MALUKU UTARA — Paket Trailhunter pada Tundra 2027 bukan sekadar stiker dan velg doang. Toyota benar-benar menyematkan komponen serius untuk medan berat. Basisnya tetap SR5—trim satu tingkat di atas entry-level SR—yang sudah punya trailer-brake controller dan mode Tow/Haul. Dari sana, Toyota menambahkan suspensi Old Man Emu, ban Michelin LTX Trail 265/70R-18, pelindung bawah yang diperkuat, serta recovery hook depan.
Mesin Tetap V6 Twin-Turbo 389 HP, Hibrida Tidak Kebagian Paket Ini
Karena Trailhunter dibangun di atas SR5, opsi mesin yang tersedia adalah 3.4 liter V6 twin-turbo bertenaga 389 hp. Varian hibrida i-Force Max dengan 437 hp memang lebih bertenaga, tapi tidak bisa dipadukan dengan paket Trailhunter. Ini keputusan yang cukup membingungkan—tenaga besar justru tidak dapat upgrade suspensi dan proteksi bawah yang optimal untuk off-road.
Untuk pengendalian di medan sulit, Toyota menyertakan locking rear differential, Multi-Terrain Select, dan Crawl Control. Fitur-fitur ini sudah teruji di Tacoma Trailhunter dan membantu traksi di bebatuan, pasir, atau tanjakan curam. Tapi perlu diingat: bobot Tundra yang besar tetap jadi tantangan di jalur sempit atau berlumpur ekstrem.
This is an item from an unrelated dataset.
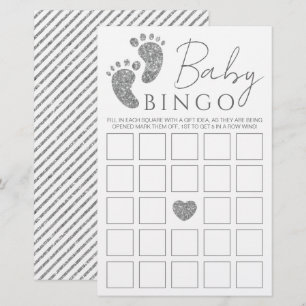 Baby Bingo Silver Glitzer Baby Feet Baby Shooter G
Desain Depan Lebih Kotak, Layar 14 Inci Kini Standar
Untuk model year 2027, Tundra mendapat facelift di bagian depan. Gril lebih kotak dan bumper bawah lebih tegas—mirip bahasa desain Tacoma terbaru. Velg bronze khusus Trailhunter dan lencana di eksterior-interior jadi pembeda. Di dalam kabin, layar sentuh 14,0 inci kini standar di semua varian, menjalankan sistem infotainment terbaru yang sudah termasuk dash cam built-in. Fitur keselamatan juga diperbarui, dan Toyota mengklaim light bar depan kini lebih terang untuk visibilitas malam hari.
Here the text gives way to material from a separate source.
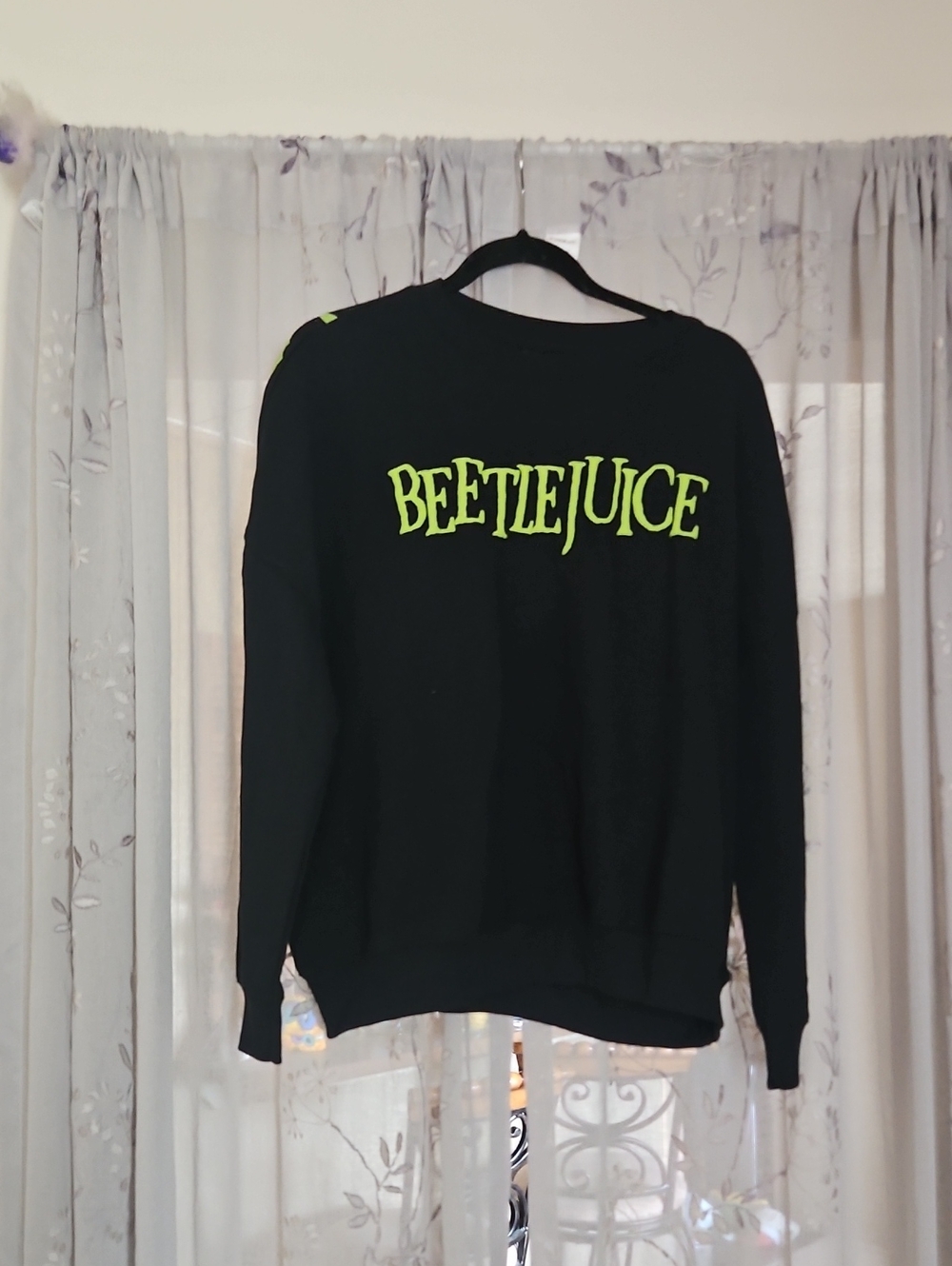 Beetlejuice Graphic Crewneck Sweatshirt - Black/Neon Green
Harga Ekspektasi dan Posisi di Pasar Indonesia
Belum ada harga resmi untuk 2027 Tundra Trailhunter, tapi sebagai patokan, Tundra SR5 2026 dibanderol mulai USD 48.705. Dengan tambahan paket Trailhunter, estimasi harga tembus di atas USD 50.000—atau sekitar Rp 800 jutaan jika masuk Indonesia via jalur importir umum. Pesaing langsungnya di kelas full-size off-road adalah Ford F-150 Raptor dan Ram 1500 Rebel. Bedanya, Trailhunter lebih fokus pada durabilitas dan kemampuan teknis, bukan kecepatan di gurun.
Kekurangan yang Perlu Dipertimbangkan
- Mesin non-hibrida saja: penggemar tenaga besar harus pilih varian lain dan kehilangan paket off-road ini.
- Bobot besar: Tundra tetap truck full-size, kurang lincah di trail sempit dibanding Tacoma Trailhunter.
- Harga belum pasti: jika masuk Indonesia, ongkos kirim dan pajak bisa membuatnya lebih mahal dari ekspektasi.
- Interior minim perubahan: selain layar 14 inci, kabin masih sama seperti Tundra generasi sebelumnya—kurang mewah dibanding kompetitor segini harga.
Toyota akan mengumumkan detail harga dan spesifikasi lengkap akhir tahun ini. Untuk sekarang, Trailhunter adalah opsi paling terjangkau untuk off-road serius di keluarga Tundra, asal Anda tidak keberatan dengan pilihan mesin yang terbatas dan dimensi yang besar.